Weekly Reading Insights: 



From The Masters Of Kabbalah and Chumash (5 Books of Moses)

13th century - "RambaN" - Rabbi Moshe ben Nachman

14th century - "Bachya" - Rabbi Bachya ben Asher

16th century - "Alsheich" - Rabbi Moshe Alshech of Tsfat

17th century - "Shelah" - Rabbi Yeshaiya Horowitz

18th century - "Ohr HaChayim" - Rabbi Chaim Ben Attar


"And the Eternal said: 'The outcry against Sodom and Amorah is so great, and their sin is so very grave. I will go down and I will see. Have they done everything implied by the outcry that is coming before me? If not, I will know." [18:20-21]

I shall now intimate to you the opinion of those who received the truth. Our Rabbis have exposited (Yerushalmi Ta'anit II, 1) from the verse "For behold, the Eternal comes forth out of His place, and will come down, and tread upon the high places of the earth" (Michah 1:3): "He comes forth and goes from attribute to attribute; He comes forth from the attribute of mercy, and goes to the attribute of justice." We interpret this matter similarly. "And the Eternal said (to Himself) The outcry against Sodom is so great, and their sin is so very grave. I will go down from the attribute of Mercy to the attribute of justice, and I will see in mercy if they have done everything implied by the outcry that is coming before me through the attribute of justice, and if so, punishment; If not, I will know and I will show mercy", just as in the verse, "And G-d knew" (Exodus 2:25).


Rabbeinu Bachya

"G-d's angel called to him from heaven and said… "Do not harm the boy. Do not do anything to him." [Gen. 22-11-12]
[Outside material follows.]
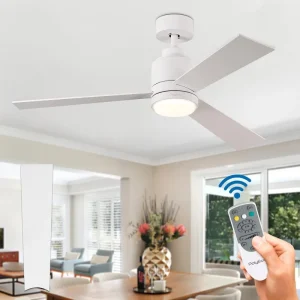Ceiling Fans with Lights Remote Control, 48 Inch Matte White Ceiling Fan, Modern Ceiling Fan with 6 Speeds,Dimmable & Timer
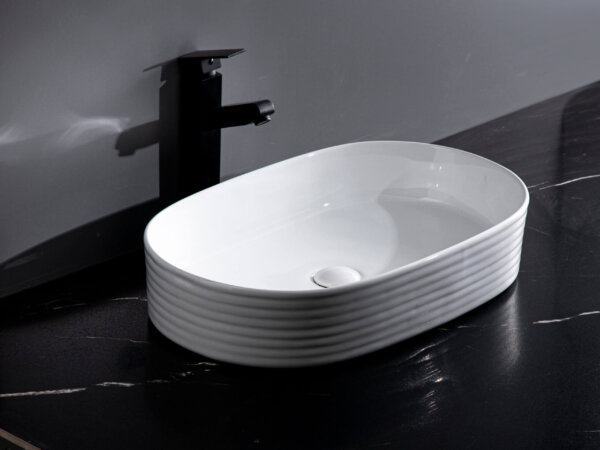 Oval Fluted Above Counter basin-My Bathroom Depot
The apparently strange phenomenon in this paragraph, i.e. that G-d's is the one who subjects Avraham to the trial whereas the angel prevented him from going through with it, needs to be understood as follows: The "angel" mentioned in our paragraph is not of the category of the nifradim, "disembodied spiritual creatures," but it belonged to what are known as the netiyot, "the emanations of G-d" [a divine voice much closer to G-d's Essence than "mere" angels]. Had the angel who called out to Avraham and instructed him to desist belonged to the category known as nifradim, Avraham would have ignored him, would not have allowed himself to be countermanded by a subordinate of the One who had instructed him in the first place. Moreover, it is quite unthinkable that an angel of the "lower" category nifradim would have been allowed to say to Avraham, "you did not withhold your son from Me." He would have had to say: "from Him."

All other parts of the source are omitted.